# EXERCISE DETAILS
Print exactly the first lines of the records. Stop after the line containing "Buffet moderne avec", and leave every picture out.

----- ENTRIES SUPPLIED

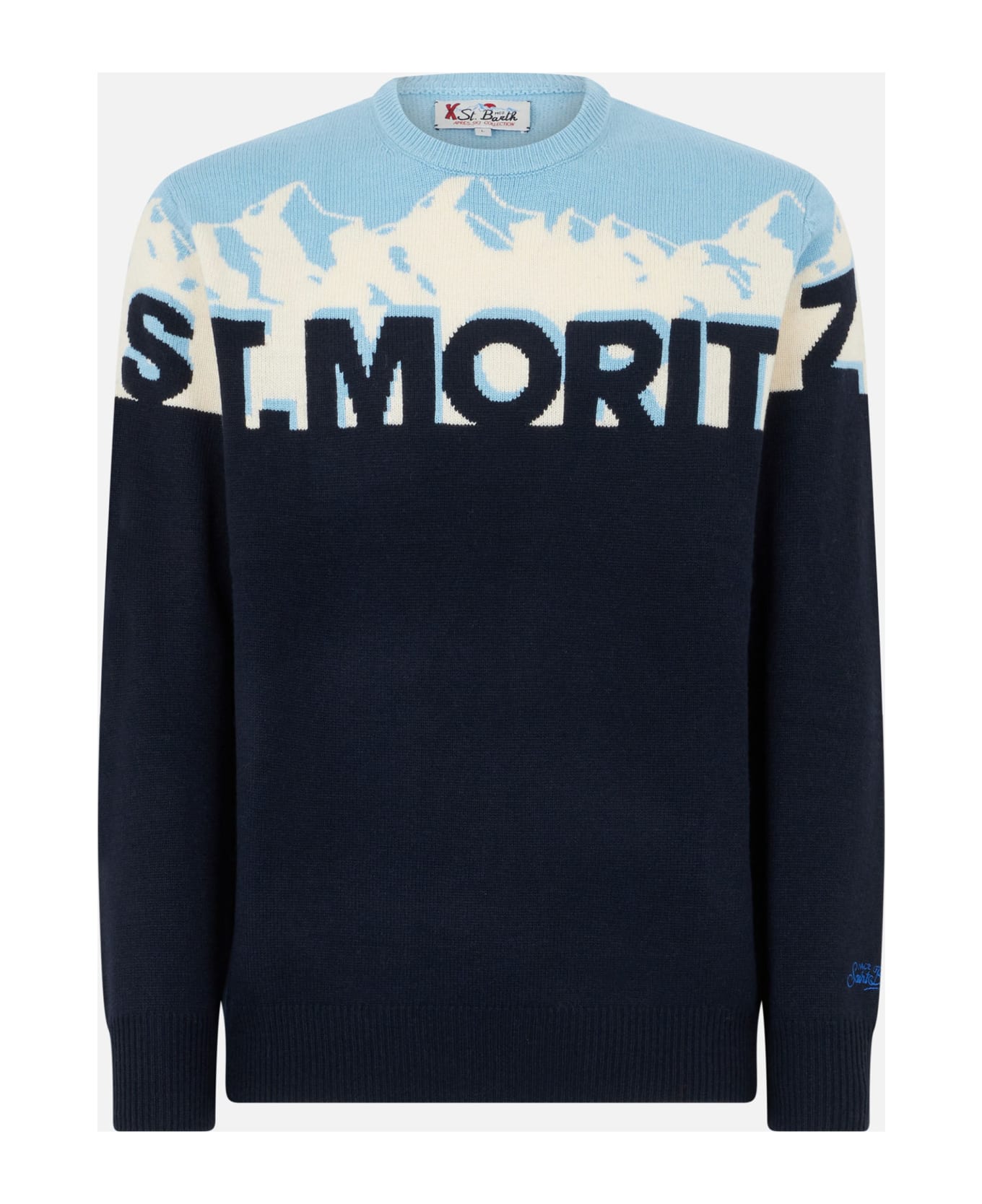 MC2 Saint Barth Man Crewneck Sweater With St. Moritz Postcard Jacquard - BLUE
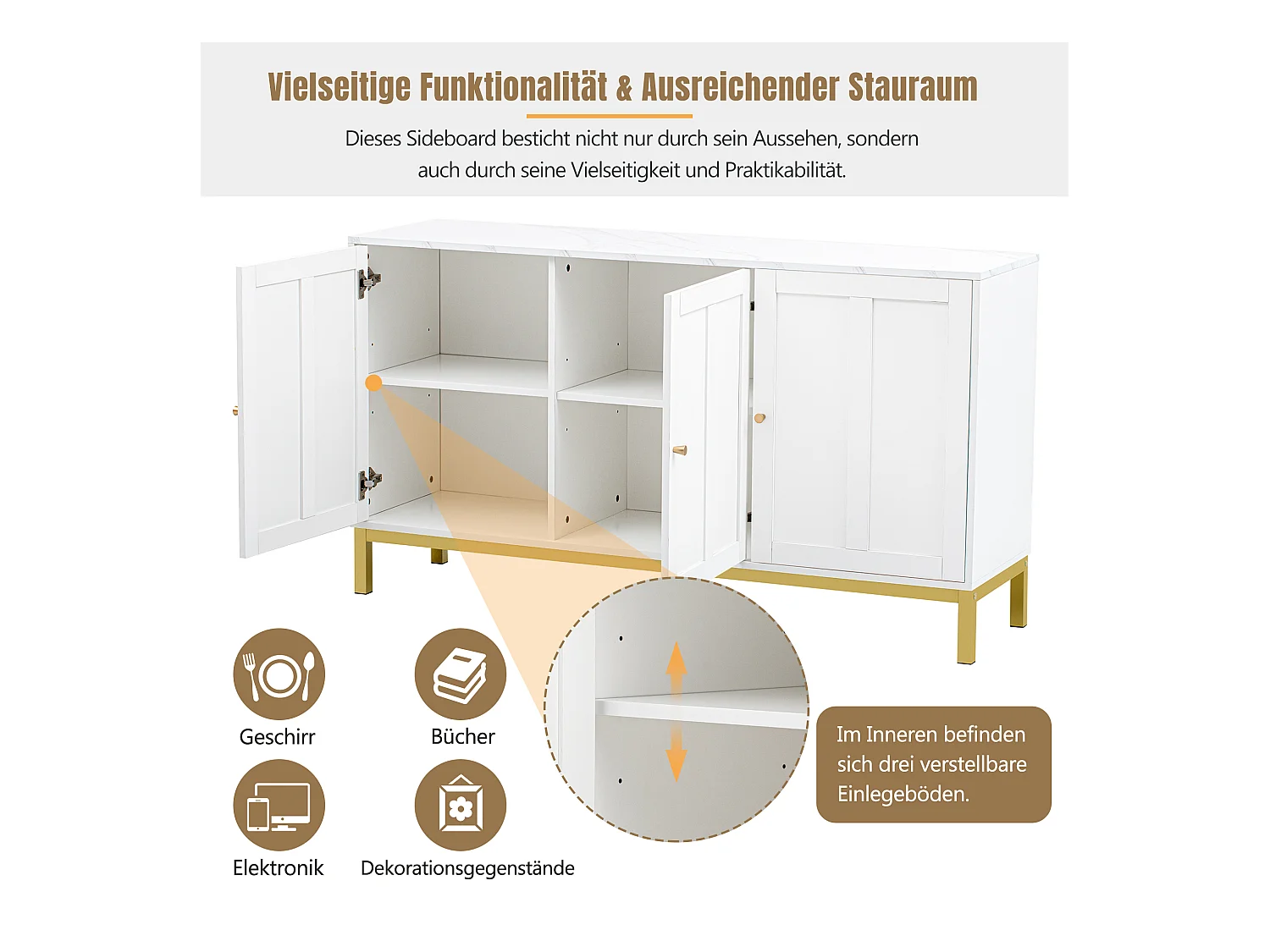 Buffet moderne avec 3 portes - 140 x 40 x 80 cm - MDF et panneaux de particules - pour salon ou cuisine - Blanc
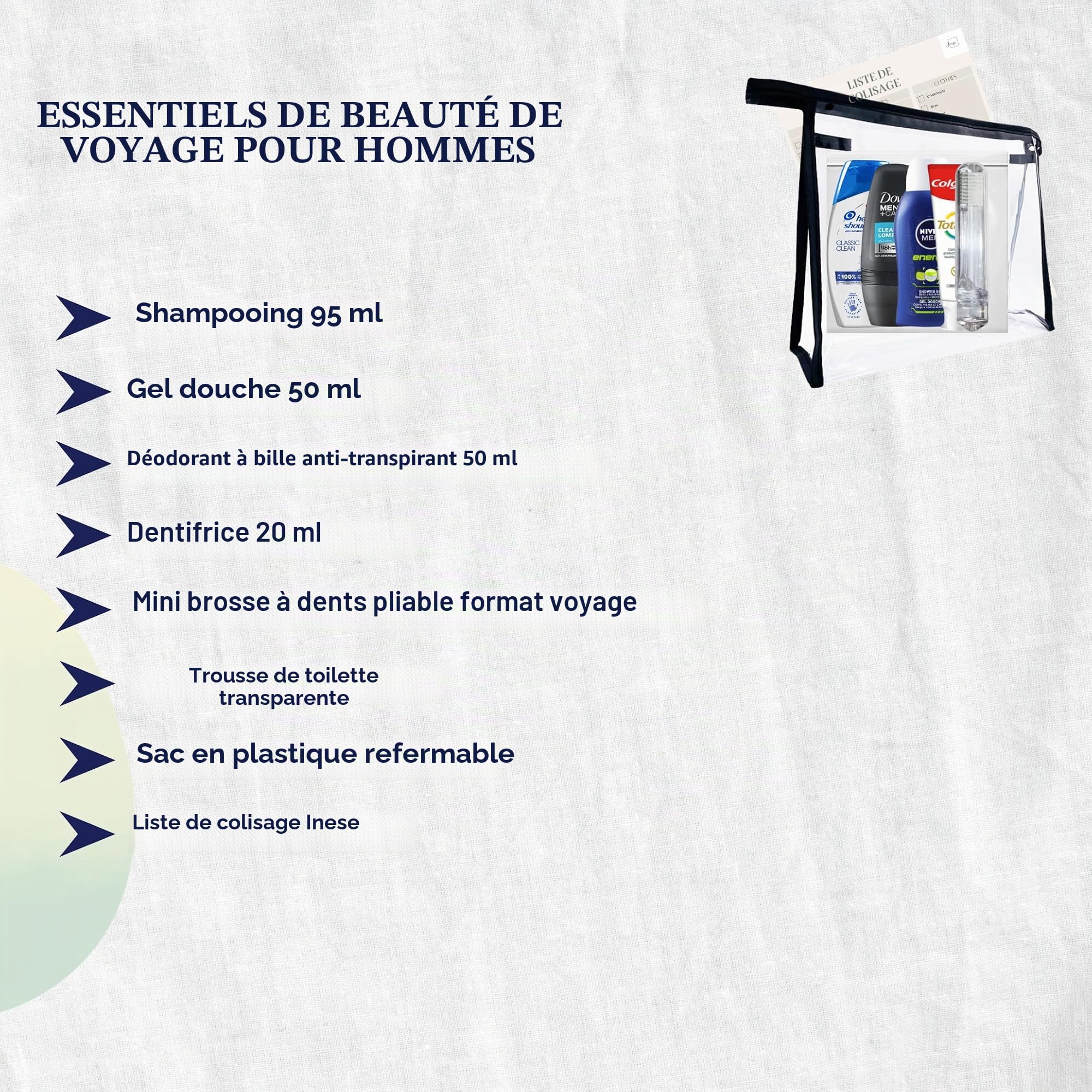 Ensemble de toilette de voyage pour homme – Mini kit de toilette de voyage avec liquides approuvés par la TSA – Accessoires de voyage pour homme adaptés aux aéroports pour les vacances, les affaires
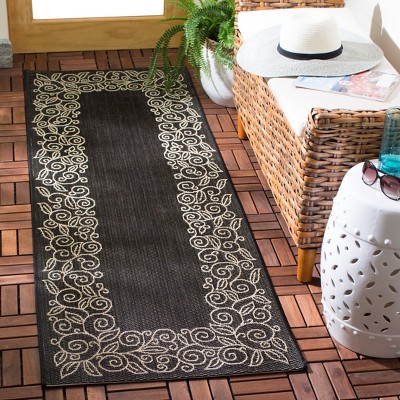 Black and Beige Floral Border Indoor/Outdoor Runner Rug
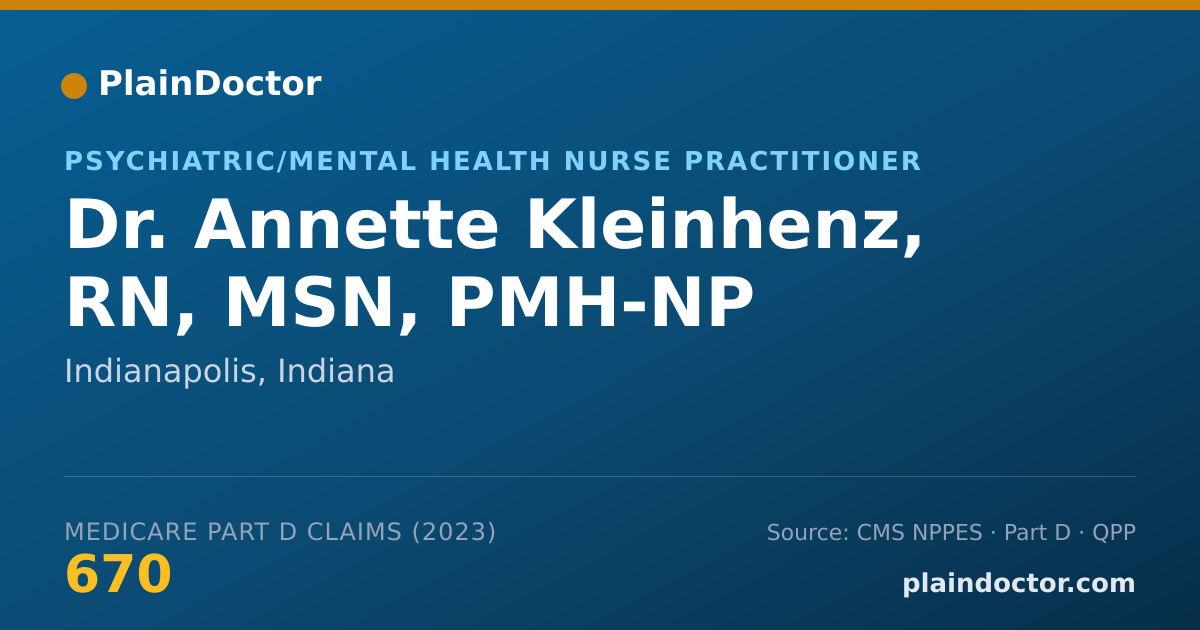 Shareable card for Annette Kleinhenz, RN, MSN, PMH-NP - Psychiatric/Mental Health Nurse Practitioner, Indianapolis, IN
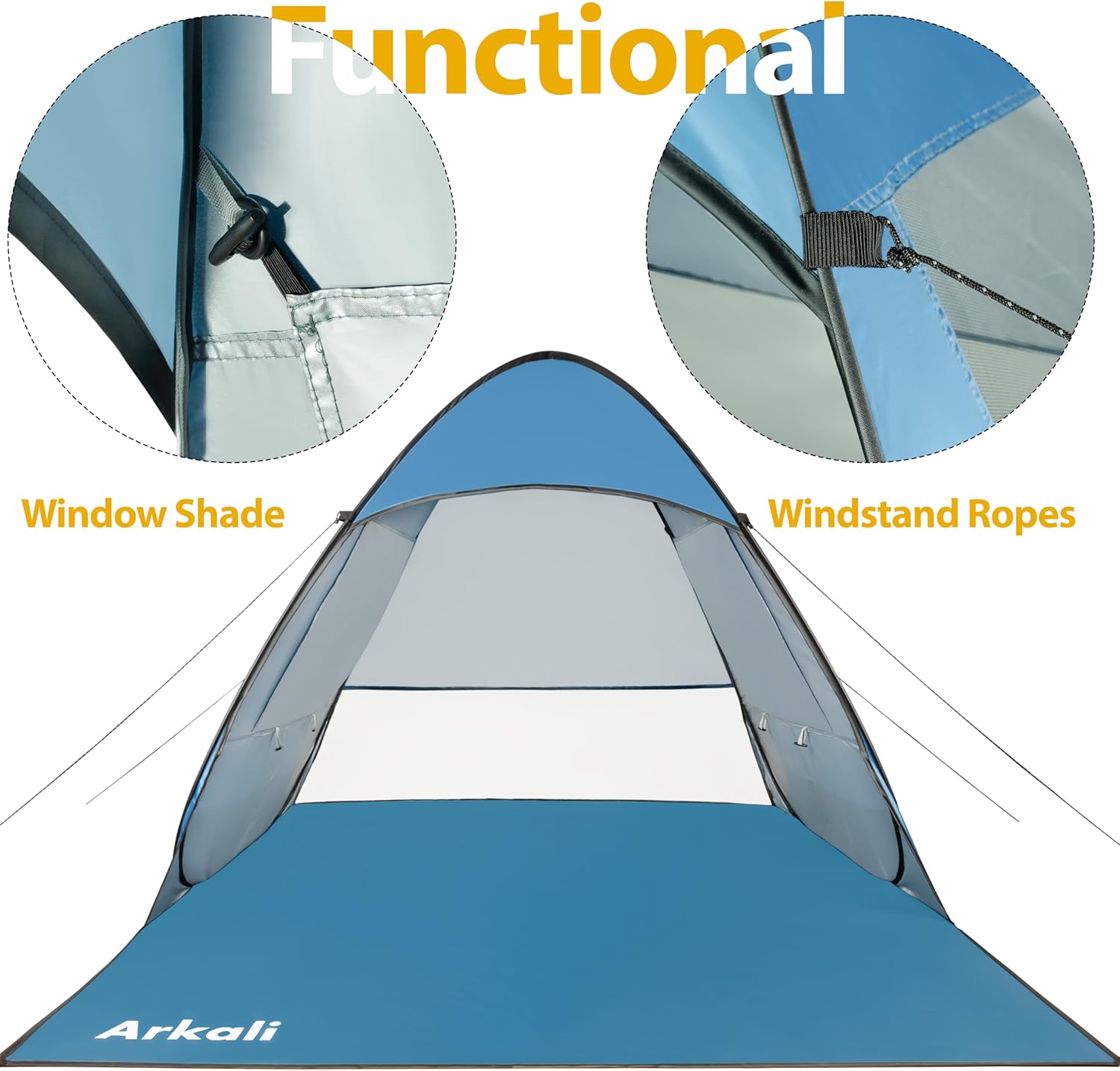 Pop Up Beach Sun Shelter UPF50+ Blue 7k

----------

# RESULT OF THIS EXERCISE
 MC2 Saint Barth Man Crewneck Sweater With St. Moritz Postcard Jacquard - BLUE
 Buffet moderne avec 3 portes - 140 x 40 x 80 cm - MDF et panneaux de particules - pour salon ou cuisine - Blanc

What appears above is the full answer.